PROBLEM DESCRIPTION =
An exact transcription of the data below, complete and unaltered, is the expected answer.

SUPPLIED DATA =
━━━━━━━━━━━━━━━━━━━━

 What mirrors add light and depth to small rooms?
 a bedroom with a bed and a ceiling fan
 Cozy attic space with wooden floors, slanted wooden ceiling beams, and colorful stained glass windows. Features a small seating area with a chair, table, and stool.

━━━━━━━━━━━━━━━━━━━━

ANSWER =
 What mirrors add light and depth to small rooms?
 a bedroom with a bed and a ceiling fan
 Cozy attic space with wooden floors, slanted wooden ceiling beams, and colorful stained glass windows. Features a small seating area with a chair, table, and stool.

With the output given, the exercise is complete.